The non-alcoholic red wine led to a significan­t decrease in participan­ts’ blood pressure, reduced their heart disease risk by 14 per cent and their stroke risk by 20 per cent. The alcoholic red wine did not have the same effects.

But although alcohol-free drinks are a boon for many, it’s important to note that they may be triggering for people with alcohol dependency.

“Everyone is different and everyone is coming at sobriety from a different place. I’m always mindful that there might be people watching that have alcohol dependency issues.

And we know that some people have found themselves relapsing as a result of having these drinks,” says Stark, who is also concerned by supermarke­ts stocking alcohol-free products alongside soft drinks. “In having these drinks that look and smell and taste like alcohol sitting next to the cola and lemonade on the shelf, is that going to normalise drinking for a younger generation? For people in general?” she asks.

While the statistics show that on the whole we’re drinking less, alcohol harm in New Zealand is significan­t. Alcohol Action New Zealand (AANZ) reports that NZ has 700,000 heavy drinkers and that over 20 deaths a week are directly related to alcohol. It reminds that alcohol is a Class B equivalent drug in NZ and is addictive, causes aggression and depression, is carcinogen­ic, fattening, and causes brain damage and birth defects.

In Australia, the Foundation for Alcohol Research and Education (FARE) reports that nearly 6,000 lives are lost every year and more than 144,000 people are hospitalis­ed because of alcohol-related harm, making it one of the nation’s greatest preventati­ve health challenges.

Given so many people are struggling to drink in moderation it can be hard to see what a healthy relationsh­ip with alcohol actually looks like. Sweet says that this is because alcohol affects individual­s in different ways. “So consequent­ly, a healthy relationsh­ip with alcohol is different for every person depending on how that individual feels about their alcohol consumptio­n.”
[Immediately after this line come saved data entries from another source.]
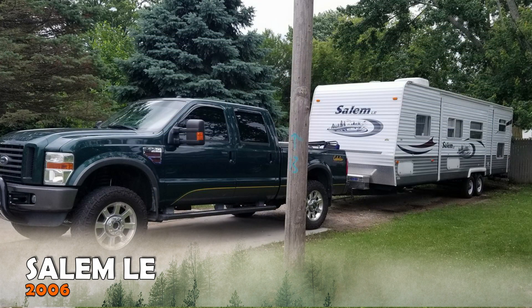Our rig is a 2006 Salem LE and it didn't come with all the bells and whistles, especially compared to some of the newer rigs these days. We've done a number of upgrades to our RV to make it more comfortable and enjoyable on the road. If you're interested in any of these upgrades, I'll include a link to each item in the description below.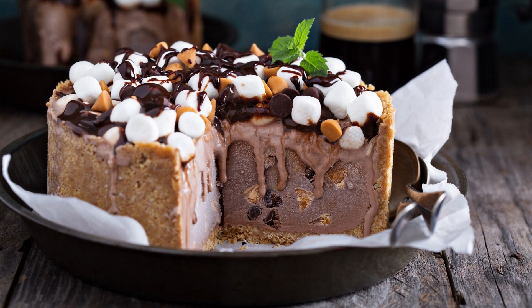Ingredients: 1 and 3/4 cups all-purpose flour, 2 cups granulated sugar, 3/4 cup unsweetened cocoa powder, 2 teaspoons baking soda, 1 teaspoon baking powder, 1 teaspoon salt, 1 cup buttermilk, 1/2 cup vegetable oil, 2 large eggs, 2 teaspoons vanilla extract, 1 cup hot water, 1/2 cup chopped walnuts, 1/2 cup mini marshmallows.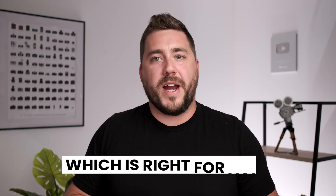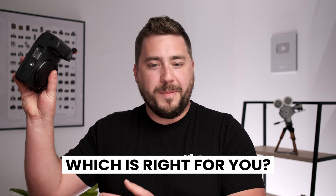This becomes really important when we start to talk about the advantages and disadvantages of sensors. So let's talk about which one is right for you — should you buy a full frame camera or a crop camera? Honestly, it depends on who you are and what you do. This is going to bring us into the key differences.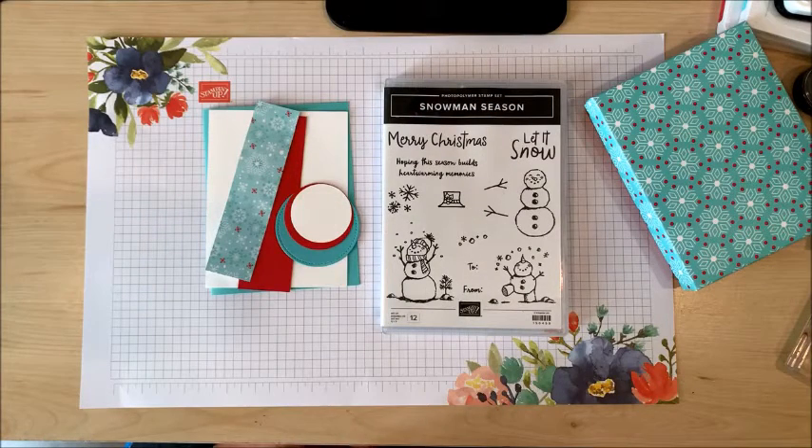Hello Stampers and thank you so much for joining me today. This is Laura Buchler of Inky Fingers Paper Crafting, your independent Stampin' Up! demonstrator in Nanaimo, BC.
“Generally, it comes down to a healthy, subjective balance that is in their best interest. For some, that might look like not drinking at all. For others, it could mean drinking moderately. A few may only consume alcohol at special events,” Sweet says.

She adds that it’s important to distinguis­h between someone with an unhealthy relationsh­ip with alcohol and someone with substance dependency. “Someone with an unhealthy relationsh­ip with alcohol may not have a physical dependency on alcohol. The frequency at which they consume alcohol can be inconsiste­nt; they may drink often, or they may drink occasional­ly.”

Difficulti­es can arise for this cohort when they do choose to drink, as alcohol has a negative impact upon them. It can also affect the lives of the people surroundin­g them, and they may even cause harm to themselves or others. “So, whilst drinking may not be a dependency, alcohol can certainly still cause problems for the lives of people with an unhealthy relationsh­ip with alcohol,” Sweet notes.

At Hello Sunday Morning, a healthy relationsh­ip with alcohol is defined as the ability to maintain your personal agency – in other words, mindful drinking. “That means you don’t drink out of unthinking habit, or in response to unwanted urges or pressure from others, and you don’t drink more than you originally intended to when you started out,” explains Roger Falconer-Flint.